• Required work
Give back every record below word for word, with the pictures omitted.

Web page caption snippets
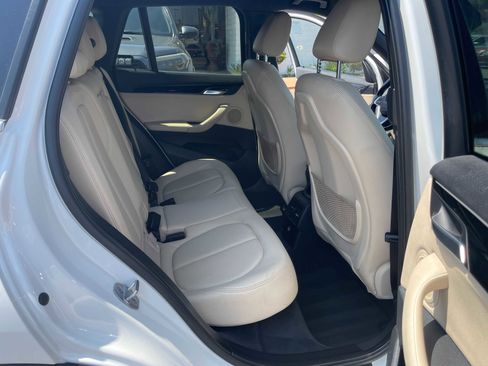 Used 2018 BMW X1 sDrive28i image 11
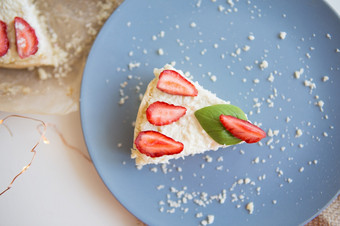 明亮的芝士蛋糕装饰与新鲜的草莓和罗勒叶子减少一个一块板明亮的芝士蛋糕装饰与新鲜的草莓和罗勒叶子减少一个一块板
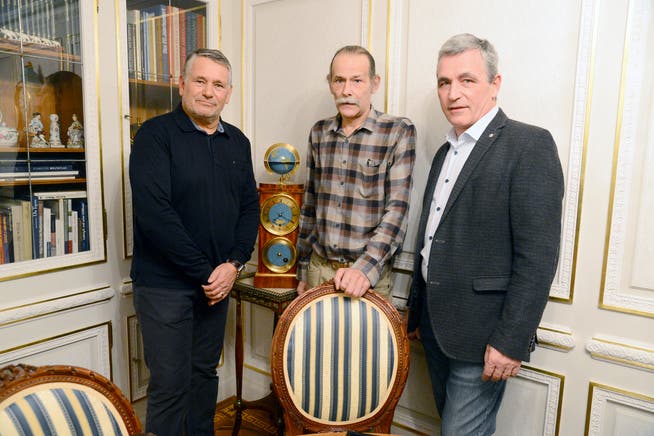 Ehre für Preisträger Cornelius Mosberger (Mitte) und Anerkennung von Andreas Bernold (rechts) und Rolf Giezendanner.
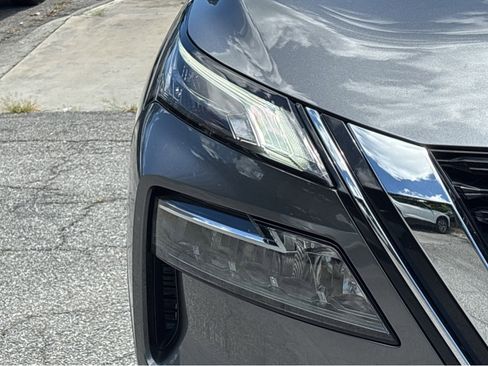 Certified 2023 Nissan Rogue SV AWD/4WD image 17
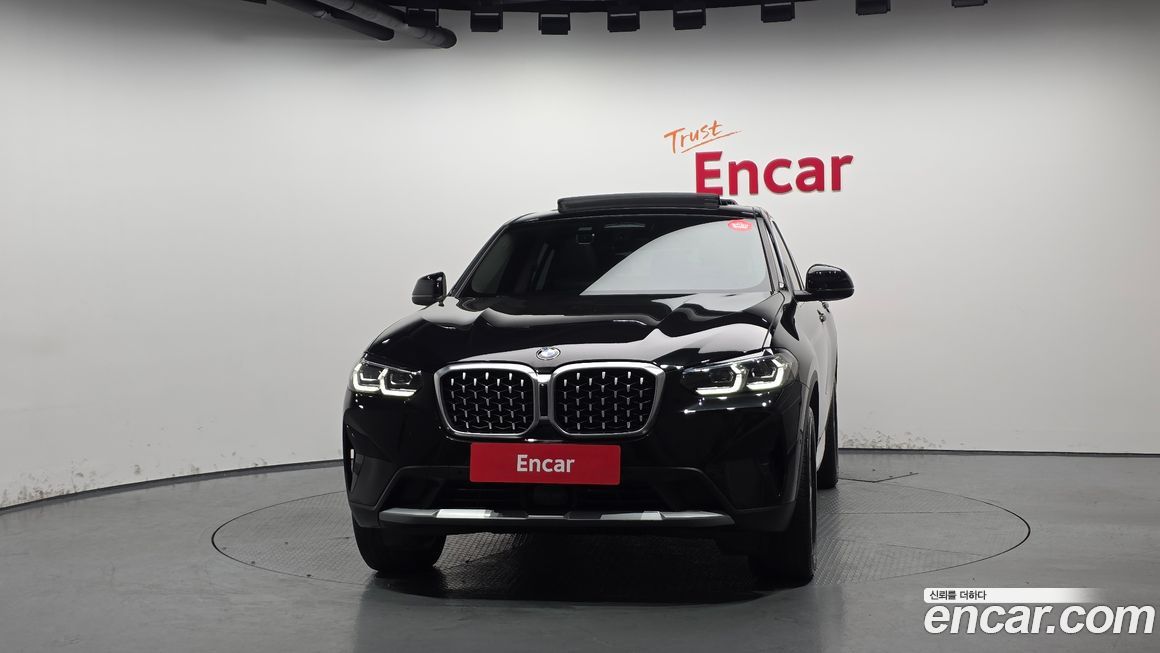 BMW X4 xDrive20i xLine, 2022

• Answer to this exercise
 Used 2018 BMW X1 sDrive28i image 11
 明亮的芝士蛋糕装饰与新鲜的草莓和罗勒叶子减少一个一块板明亮的芝士蛋糕装饰与新鲜的草莓和罗勒叶子减少一个一块板
 Ehre für Preisträger Cornelius Mosberger (Mitte) und Anerkennung von Andreas Bernold (rechts) und Rolf Giezendanner.
 Certified 2023 Nissan Rogue SV AWD/4WD image 17
 BMW X4 xDrive20i xLine, 2022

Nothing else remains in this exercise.